La volonté de la France de contrôler politiquement l’Afrique ne fait aucun doute. C’est une action de pure puissance, indifférente au sort des populations, et qui a entraîné des conséquences humaines désastreuses en appuyant la gestion économique irresponsable de pouvoirs intouchables.

Petit tour des Etats d’Afrique sub-saharienne des "Indépendances" à nos jours :

  Le Sénégal fut gouverné par Léopold Senghor de 1960 à 1980. Abdou Diouf lui succède et conserve le pouvoir jusqu’en 2000, où Abdoulaye Wade arrive au pouvoir par une élection.

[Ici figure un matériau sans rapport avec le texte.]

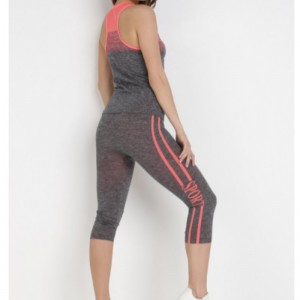 Sort og orange tracksuit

 Le Mali, ancien Soudan français, fut d’abord gouverné par Modibo Keita, qui est renversé en 1968 par une junte militaire conduite par Moussa Traoré. Celui-ci sera lui-même renversé en 1991 par des militaires conduits par Amadou Toumany Touré. Après une conférence nationale, Alpha Oumar Konaré est élu président en 1992, réélu en 1997 il quitte le pouvoir après ses deux mandats. En 2002 Amadou Toumany Touré est élu à la présidence.

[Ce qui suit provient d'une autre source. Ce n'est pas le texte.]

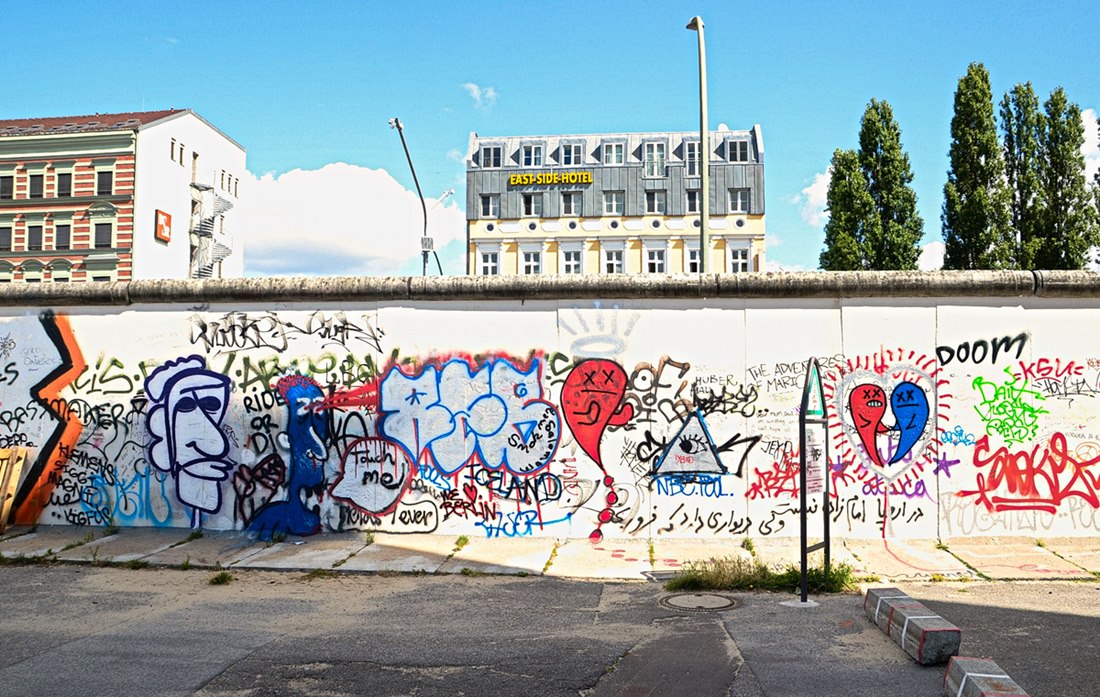 Die East Side Gallery in Berlin - Friedrichshain 2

 La Guinée, qui rompt avec éclat avec la puissance coloniale en 1958, sera en butte à de multiples manoeuvres de déstabilisation. Sékou Touré, qui exerce un pouvoir répressif jusqu’à sa mort en 1984, renoue cependant des relations avec la France à partir de 1975. Depuis que le militaire Lansana Conté est parvenu au pouvoir par un coup d’État à la mort de Sékou Touré, puis élu président en 1993, 1998 et 2003, et que la Guinée est sous la coupe de la Banque mondiale, le pays n’a cessé de s’appauvrir, le régime étant parmi les plus corrompus d’Afrique.

 La Haute-Volta est gouvernée d’abord par Maurice Yaméogo, qui est renversé en 1966 par le général Sangoulé Lamizana. Celui-ci sera chassé en en 1980 par le colonel Saye Zerbo, remplacé en 1982 par le commandant Jean-Baptiste Ouedraogo. Le capitaine Thomas Sankara prend le pouvoir en 1983. Le régime rompt radicalement avec le passé. Le pays prend le nom de Burkina Faso et entreprend une politique anticolonialiste. Thomas Sankara est assassiné en octobre 1987 et remplacé par le commandant Blaise Compaoré qui s’est succédé à lui-même depuis.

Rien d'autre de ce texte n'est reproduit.